The decline of each item was due to many troubles that were difficult to resolve. For example, although we have delicious vegetables and sweet fruits available, if we want to please the customers we must have them irradiated. Recently, when an American irradiation technician came here during the pandemic, the equipment used to irradiate got jammed. India also wants to tighten import standards. In addition to the 14% cut in export price of cashew nuts, many shipments were also returned. The Vietnam Cashew Association has now decided to lower the cashew nut export target in 2020 from USD 4 bn to USD 3.2 bn.
At present, in the area of textiles, leather, shoes, and bags, all machinery is fully ready, there are enough workers and sufficient raw material to start, but unfortunately there are no new orders coming. For example, the impact of the Covid-19 pandemic on the textile and garment export industry has affected the buying markets such as the US and Europe, and about 80% of Vietnam's exports are nearly paralyzed. Many textile and apparel companies in Vietnam have not received any high-value orders such as suits and high-end shirts, but are producing face masks and protective gear, which are serving as lifesaving orders for many companies. According to forecast, if the situation does not improve soon, there will be unpredictable risks to both micro and medium enterprises.
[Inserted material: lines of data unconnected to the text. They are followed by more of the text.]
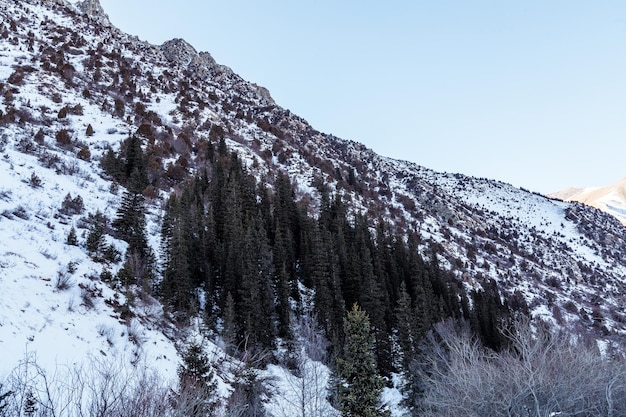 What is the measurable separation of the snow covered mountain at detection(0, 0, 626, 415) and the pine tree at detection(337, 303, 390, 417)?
5576mm

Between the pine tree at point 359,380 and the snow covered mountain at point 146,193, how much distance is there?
5.58 m

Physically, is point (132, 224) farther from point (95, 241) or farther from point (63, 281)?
point (63, 281)

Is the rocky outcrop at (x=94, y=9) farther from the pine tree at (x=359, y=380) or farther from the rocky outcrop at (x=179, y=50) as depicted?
the pine tree at (x=359, y=380)

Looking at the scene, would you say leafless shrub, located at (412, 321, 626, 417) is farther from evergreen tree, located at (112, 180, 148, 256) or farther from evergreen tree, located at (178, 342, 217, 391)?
evergreen tree, located at (112, 180, 148, 256)

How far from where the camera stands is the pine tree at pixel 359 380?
16.8 m

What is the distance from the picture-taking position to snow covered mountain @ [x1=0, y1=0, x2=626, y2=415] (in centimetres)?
1370

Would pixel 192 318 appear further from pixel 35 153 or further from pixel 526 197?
pixel 526 197

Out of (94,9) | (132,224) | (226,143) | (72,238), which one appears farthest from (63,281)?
(94,9)

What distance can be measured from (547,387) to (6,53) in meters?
55.7

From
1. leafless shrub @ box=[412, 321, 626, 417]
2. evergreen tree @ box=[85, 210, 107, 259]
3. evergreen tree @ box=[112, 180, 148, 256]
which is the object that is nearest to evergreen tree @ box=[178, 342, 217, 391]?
evergreen tree @ box=[85, 210, 107, 259]

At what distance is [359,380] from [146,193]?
23.0 meters

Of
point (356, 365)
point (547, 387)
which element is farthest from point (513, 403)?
point (356, 365)

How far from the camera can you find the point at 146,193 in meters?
31.2

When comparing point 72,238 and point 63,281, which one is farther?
point 72,238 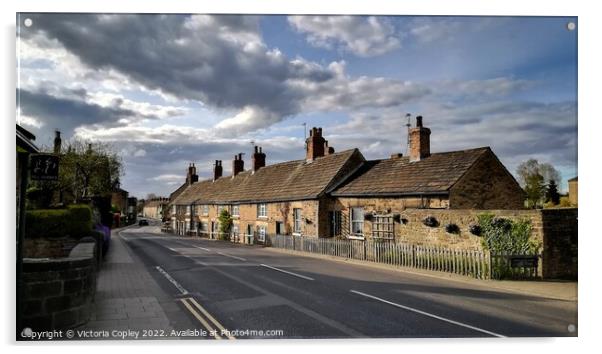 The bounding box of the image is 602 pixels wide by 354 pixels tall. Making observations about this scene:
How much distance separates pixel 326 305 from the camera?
796cm

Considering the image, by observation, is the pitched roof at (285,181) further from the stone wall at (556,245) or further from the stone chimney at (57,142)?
the stone chimney at (57,142)

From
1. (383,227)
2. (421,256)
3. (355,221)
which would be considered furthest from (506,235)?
(355,221)

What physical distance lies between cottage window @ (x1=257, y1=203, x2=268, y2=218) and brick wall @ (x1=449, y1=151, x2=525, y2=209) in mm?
14695

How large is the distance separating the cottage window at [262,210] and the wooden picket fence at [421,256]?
21.7 ft

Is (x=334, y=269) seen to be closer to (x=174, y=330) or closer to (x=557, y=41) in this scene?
(x=174, y=330)

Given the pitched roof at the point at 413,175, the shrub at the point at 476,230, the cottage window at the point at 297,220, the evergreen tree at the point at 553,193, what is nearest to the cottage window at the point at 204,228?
the cottage window at the point at 297,220

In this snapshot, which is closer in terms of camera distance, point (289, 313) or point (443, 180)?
point (289, 313)

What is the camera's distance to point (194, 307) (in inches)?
309

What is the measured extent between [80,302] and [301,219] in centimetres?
1741

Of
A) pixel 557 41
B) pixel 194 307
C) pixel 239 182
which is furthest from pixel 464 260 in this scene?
→ pixel 239 182

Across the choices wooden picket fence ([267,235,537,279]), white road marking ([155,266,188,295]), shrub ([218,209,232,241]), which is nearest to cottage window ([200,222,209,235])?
shrub ([218,209,232,241])

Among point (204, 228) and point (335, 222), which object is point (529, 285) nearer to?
point (335, 222)

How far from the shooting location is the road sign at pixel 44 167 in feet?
22.2

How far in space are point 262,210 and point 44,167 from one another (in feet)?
69.7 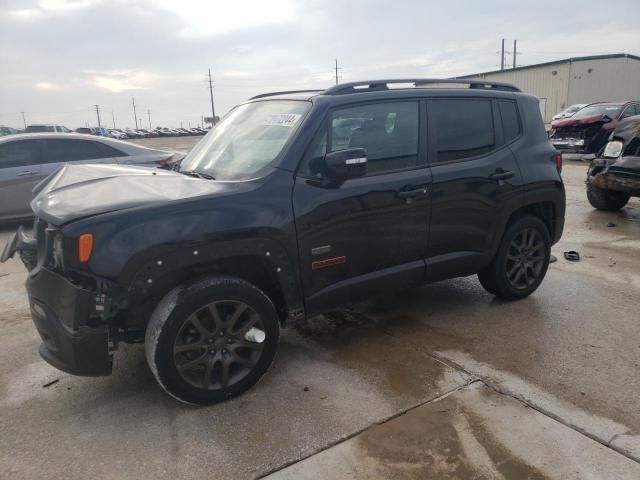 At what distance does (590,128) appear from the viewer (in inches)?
592

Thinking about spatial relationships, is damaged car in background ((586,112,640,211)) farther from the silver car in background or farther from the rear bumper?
the rear bumper

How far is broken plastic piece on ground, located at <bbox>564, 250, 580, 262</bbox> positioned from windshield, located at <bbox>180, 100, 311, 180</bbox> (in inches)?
157

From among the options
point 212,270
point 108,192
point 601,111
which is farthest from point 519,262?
point 601,111

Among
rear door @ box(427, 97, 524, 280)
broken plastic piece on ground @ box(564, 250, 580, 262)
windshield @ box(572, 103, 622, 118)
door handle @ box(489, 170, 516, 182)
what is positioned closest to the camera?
rear door @ box(427, 97, 524, 280)

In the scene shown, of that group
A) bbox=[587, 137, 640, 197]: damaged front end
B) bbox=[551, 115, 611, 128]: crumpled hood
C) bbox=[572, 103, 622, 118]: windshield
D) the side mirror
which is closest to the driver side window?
the side mirror

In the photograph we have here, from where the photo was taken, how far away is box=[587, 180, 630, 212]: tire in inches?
318

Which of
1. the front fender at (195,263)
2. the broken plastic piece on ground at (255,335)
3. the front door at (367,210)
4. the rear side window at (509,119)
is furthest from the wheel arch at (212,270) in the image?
the rear side window at (509,119)

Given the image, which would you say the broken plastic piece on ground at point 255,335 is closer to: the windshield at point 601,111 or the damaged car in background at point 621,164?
the damaged car in background at point 621,164

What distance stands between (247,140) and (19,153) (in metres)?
5.64

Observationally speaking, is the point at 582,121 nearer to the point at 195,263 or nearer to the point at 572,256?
the point at 572,256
Regarding textile and garment exports to the EU, there will be about 77% of export turnover. In the short term, in order to enjoy the tax exemption offered under EVFTA, we must meet all the requirements such as products of origin. Fabric produced domestically can only meet about 30% of the demand, so it is necessary to combine fabrics from South Korea and Japan, the two countries with the same FTA with the EU and Vietnam, accounting for 23% of fabric imports to Vietnam.
EVFTA brings respite
The bright spot for exports is rice. Rice prices are currently increasing by about 11%, some surpassing Thailand, to be the highest in the world. This is due to improved quality of Vietnamese rice, and the relatively large demand for import of rice in the world, especially by Southeast Asian countries, as supplies from major exporting countries have decreased. However, the rice export from the beginning of the year until now is mainly through small contract orders. The highest price of Vietnamese rice is only for the same type as Thailand and India, two countries producing specialty rice with high nutritional content and suitable for rich tastes.
However, Vietnam's exports to the EU will have to face the risk of applying trade remedies. The EU is currently one of the three markets that applies trade remedies the most, focusing on and targeting our key export groups such as phones, electronics, footwear, textiles, and wooden products.
Since EVFTA took effect, seafood export orders to the EU in August increased by about 10% compared to July. Recently, the Ministry of Agriculture and Rural Development cooperated with Ninh Thuan province and the EU Delegation in Vietnam to organize a ceremony to celebrate the first export batch of frozen shrimp products from Vietnam to some European countries. Only the Thuan Phuoc Fisheries and Trading Company in Da Nang province has exported 3,000 tons of shrimp and products processed from shrimp to the EU eight months ago, reaching about USD 31 mn, up 8% in quantity and 6% in turnover over the same period in 2019. Currently, the EU is one of the four largest seafood import markets and is stable at around USD 1.3 bn per year, accounting for about 17% of total seafood export turnover in Vietnam.
Recently, the Government issued Decree 103/2020/ND-CP, which will provide certification for fragrant rice to be exported to the EU market. On this basis, the Ministry of Industry and Trade announced 7,200 C/O units, which were issued in August, with a total turnover of USD 277 mn exported to 27 EU countries. At the same time, the ministry has also coordinated with other ministries, agencies and localities to open several training courses for businesses to absorb and learn the best ways to address this market.
The time has come for Vietnamese businesses to support and invest in growth enterprises, increase production, encourage businesses to use advanced technologies, reduce environmental pollution, prevent the resurgence of disease, focus on innovative products with high added-value, catch up with market demand, and create confidence in customers and markets worldwide.